> WHAT YOU NEED TO DO: Using the string "woman" as the key, pull each matching line out of the records below.

Brief descriptive captions

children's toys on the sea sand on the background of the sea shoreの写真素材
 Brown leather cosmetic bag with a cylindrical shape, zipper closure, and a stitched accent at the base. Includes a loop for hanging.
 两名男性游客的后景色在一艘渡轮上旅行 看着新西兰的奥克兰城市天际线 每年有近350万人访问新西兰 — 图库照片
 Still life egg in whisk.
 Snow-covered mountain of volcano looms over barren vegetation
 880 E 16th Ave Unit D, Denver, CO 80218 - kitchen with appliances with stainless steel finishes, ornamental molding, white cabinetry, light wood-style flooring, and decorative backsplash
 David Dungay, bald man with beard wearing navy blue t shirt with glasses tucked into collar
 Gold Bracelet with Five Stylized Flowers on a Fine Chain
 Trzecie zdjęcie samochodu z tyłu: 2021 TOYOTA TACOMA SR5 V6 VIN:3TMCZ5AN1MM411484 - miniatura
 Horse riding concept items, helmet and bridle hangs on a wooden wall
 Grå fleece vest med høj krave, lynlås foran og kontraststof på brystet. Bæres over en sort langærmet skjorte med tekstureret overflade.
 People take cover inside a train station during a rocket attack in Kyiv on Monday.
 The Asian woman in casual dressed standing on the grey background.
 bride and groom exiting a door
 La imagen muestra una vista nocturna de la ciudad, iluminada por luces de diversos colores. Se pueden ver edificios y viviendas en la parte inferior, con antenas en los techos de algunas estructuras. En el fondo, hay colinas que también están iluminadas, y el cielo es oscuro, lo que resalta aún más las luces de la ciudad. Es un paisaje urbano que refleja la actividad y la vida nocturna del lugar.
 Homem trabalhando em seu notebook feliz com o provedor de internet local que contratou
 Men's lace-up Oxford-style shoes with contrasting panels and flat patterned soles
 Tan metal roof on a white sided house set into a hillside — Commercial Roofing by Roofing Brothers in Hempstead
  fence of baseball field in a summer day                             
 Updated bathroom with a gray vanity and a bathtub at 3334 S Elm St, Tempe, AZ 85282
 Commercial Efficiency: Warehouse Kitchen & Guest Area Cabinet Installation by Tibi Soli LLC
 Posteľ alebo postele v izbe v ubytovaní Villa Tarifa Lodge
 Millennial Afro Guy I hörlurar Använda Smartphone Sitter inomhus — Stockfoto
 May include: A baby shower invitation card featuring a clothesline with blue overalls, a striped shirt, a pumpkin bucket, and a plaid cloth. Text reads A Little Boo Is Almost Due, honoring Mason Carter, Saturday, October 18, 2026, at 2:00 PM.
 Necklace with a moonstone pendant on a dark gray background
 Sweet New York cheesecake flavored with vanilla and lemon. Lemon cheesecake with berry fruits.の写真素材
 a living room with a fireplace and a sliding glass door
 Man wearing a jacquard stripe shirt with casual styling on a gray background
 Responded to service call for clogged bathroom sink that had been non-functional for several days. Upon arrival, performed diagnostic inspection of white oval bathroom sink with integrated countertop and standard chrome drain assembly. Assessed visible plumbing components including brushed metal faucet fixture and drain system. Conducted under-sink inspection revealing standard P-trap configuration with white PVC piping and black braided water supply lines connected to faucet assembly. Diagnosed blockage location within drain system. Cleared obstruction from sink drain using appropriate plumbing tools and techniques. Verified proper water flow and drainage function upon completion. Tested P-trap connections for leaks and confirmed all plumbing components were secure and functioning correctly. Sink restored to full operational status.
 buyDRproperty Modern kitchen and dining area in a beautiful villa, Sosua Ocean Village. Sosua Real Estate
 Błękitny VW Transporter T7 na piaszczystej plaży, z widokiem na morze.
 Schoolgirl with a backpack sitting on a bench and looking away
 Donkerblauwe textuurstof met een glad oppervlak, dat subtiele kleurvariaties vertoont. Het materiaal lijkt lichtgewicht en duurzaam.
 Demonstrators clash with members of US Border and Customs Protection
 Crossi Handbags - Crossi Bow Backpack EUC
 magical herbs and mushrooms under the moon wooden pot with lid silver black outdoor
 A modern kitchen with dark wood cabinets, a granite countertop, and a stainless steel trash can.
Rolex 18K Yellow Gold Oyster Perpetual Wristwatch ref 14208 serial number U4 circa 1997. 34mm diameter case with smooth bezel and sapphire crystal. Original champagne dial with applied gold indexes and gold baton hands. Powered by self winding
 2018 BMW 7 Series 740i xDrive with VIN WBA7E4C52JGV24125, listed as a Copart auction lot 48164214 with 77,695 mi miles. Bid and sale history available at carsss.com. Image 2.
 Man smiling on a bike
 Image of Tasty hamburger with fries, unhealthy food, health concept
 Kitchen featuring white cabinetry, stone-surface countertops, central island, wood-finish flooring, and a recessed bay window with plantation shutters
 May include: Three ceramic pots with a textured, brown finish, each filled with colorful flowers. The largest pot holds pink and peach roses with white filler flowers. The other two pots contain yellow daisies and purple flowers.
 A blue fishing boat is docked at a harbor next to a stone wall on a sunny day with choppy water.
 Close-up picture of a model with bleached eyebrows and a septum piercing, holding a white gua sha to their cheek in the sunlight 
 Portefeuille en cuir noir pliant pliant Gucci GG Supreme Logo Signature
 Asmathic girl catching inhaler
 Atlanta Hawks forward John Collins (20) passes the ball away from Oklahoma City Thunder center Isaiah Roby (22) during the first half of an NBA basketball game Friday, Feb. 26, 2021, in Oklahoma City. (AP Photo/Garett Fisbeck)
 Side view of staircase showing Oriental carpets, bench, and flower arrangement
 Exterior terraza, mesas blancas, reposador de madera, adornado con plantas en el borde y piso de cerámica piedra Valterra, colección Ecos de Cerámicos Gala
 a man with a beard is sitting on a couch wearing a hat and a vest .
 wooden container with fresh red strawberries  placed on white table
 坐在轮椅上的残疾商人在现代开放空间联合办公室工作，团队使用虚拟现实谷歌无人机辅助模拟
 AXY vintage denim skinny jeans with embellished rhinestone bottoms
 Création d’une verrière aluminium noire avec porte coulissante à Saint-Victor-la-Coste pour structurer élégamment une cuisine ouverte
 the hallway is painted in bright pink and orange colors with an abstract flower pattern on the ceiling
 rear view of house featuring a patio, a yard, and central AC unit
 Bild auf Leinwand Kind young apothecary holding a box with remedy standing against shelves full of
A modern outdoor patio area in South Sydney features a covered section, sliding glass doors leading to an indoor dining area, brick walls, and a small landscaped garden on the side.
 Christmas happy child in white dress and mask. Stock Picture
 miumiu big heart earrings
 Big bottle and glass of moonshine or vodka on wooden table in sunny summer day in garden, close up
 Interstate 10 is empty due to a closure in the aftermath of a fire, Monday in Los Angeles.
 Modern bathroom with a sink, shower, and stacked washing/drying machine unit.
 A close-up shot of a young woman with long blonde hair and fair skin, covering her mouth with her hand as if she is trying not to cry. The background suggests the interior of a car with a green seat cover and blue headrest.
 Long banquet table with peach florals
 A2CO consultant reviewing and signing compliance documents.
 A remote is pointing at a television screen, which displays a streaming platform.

> RESPONSE:
 The Asian woman in casual dressed standing on the grey background.
 A close-up shot of a young woman with long blonde hair and fair skin, covering her mouth with her hand as if she is trying not to cry. The background suggests the interior of a car with a green seat cover and blue headrest.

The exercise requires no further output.